便秘予防には適度な運動で筋力アップとストレス軽減の一石二鳥を!

便秘を予防するには、「規則正しい生活」と「バランスの取れた食事」の他に、もうひとつ大切な生活習慣として、「適度な運動」が挙げられます。便秘予防のための運動とは、主に腹筋を鍛えることと、血行を良くすることが目的になります。もちろん、生活習慣病全般にも効果があるのはもちろんのことです。

腹筋は、排便をする際にとても大切です。腹圧によって便を排出するため、腹筋が弱いとなかなか排便が出来ず、弛緩性便秘になってしまうのです。ですから、腹筋を鍛えることで便秘の予防が出来るでしょう。腹筋だけを鍛えるのであれば、腹筋体操が一番効果的です。しかし、腹筋だけでなく、全身の筋肉を鍛えることも大切であり、それにはウォーキングや水泳などが最適でしょう。

ウォーキングや水泳などは有酸素運動であり、自律神経のバランスを副交感神経が優位な状態にしてくれます。そして、腸の働きが良くなり、便意を感じるのはこの副交感神経が活発な時です。まさに便秘予防に最適な運動といえますね。有酸素運動には2重の効果があるというわけです。

さらに、運動が便秘予防に役立つ理由として、血行を良くするということも重要です。もちろん、そうした目的からも有酸素運動などはもってこいといえるでしょう。いつでも気軽に出来ますし、毎日の習慣にすることで、筋力アップや健康に良いだけでなく、便秘の要因でもあるストレスの軽減にも役立ちます。便秘のみならず、生活習慣病全般の予防に最適なのです。食生活などの生活習慣の改善と共に、是非無理なく毎日の運動を取り入れて、便秘にならない身体を作りましょう。

ジャンクフードは食べたくてもちょっと我慢?便秘になる前に控えよう

現代の食生活に欠かせない物として、ファーストフードやインスタント食品といった、いわゆるジャンクフードがあります。大人から子供まで大変人気がありますが、健康に良くないというのは良く知られているところですね。

ジャンクフードというのは、そのほとんどが肉・脂分・糖分が多量に使って作られている加工食品であり、いわば工業製品です。カロリーだけが大変高くて、栄養はほとんどありません。さらに、添加物が大量に使用されているため、あらゆる生活習慣病の引き金にもなっているのです。

ジャンクフードの主役である肉や脂は、消化されにくいため、腸内に長く溜まってしまうため、便秘を引き起こします。腸の長い日本人には、体質的に合わない物ともいえます。しかも、動物性タンパク質は悪玉菌の大好物です。食べ過ぎると悪玉菌が増え、腸内環境が悪化し、さらに便秘に拍車をかけてしまうのです。

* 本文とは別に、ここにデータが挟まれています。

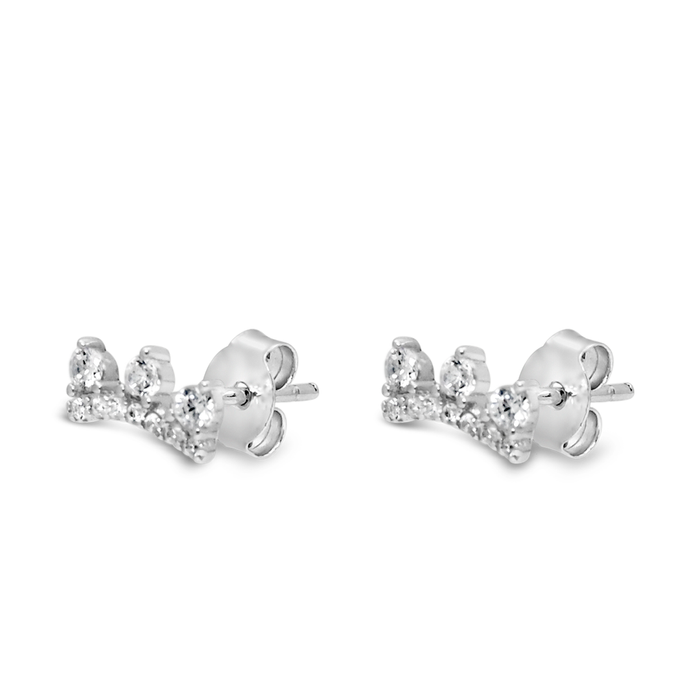 ROYAL CROWN SHAPED STUD SILVER EARRING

さらに、ジャンクフードでは食物繊維・ミネラル・ビタミンなどが著しく欠乏しているため、腸の蠕動運動の働きを低下させます。また、大腸の満腹中枢が過食命令を出しやすくなり、食べ過ぎてしまう結果、腸に溜まりやすくなり、そういった点からも便秘を引き起こす要因になっているといえるでしょう。

そもそもジャンクフードとは、くずみたいな食べ物という意味です。素材も調理法もまさに低品質で、身体に悪いのは一目瞭然です。便秘に悪いというだけでなく、身体への悪影響は大きく、様々な生活習慣病を引き起こす食べ物なのです。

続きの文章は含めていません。